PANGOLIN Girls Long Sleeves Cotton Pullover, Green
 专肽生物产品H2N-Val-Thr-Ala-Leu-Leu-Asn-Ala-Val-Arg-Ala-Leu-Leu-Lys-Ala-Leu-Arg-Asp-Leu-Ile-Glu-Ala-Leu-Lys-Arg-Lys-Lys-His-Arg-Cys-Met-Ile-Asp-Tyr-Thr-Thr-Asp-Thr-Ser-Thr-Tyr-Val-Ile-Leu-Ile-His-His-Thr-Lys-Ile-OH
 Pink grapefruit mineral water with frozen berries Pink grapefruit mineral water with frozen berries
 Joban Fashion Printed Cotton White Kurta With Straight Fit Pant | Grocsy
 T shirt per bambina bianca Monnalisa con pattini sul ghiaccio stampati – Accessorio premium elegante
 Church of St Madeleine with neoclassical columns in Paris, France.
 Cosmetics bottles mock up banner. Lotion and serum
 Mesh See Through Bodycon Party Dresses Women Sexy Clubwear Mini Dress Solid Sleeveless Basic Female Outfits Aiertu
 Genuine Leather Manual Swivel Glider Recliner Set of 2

▸ Exercise objective:
Wherever the string "Cotton" appears in the data above, report the whole line.

▸ Exercise response:
PANGOLIN Girls Long Sleeves Cotton Pullover, Green
 Joban Fashion Printed Cotton White Kurta With Straight Fit Pant | Grocsy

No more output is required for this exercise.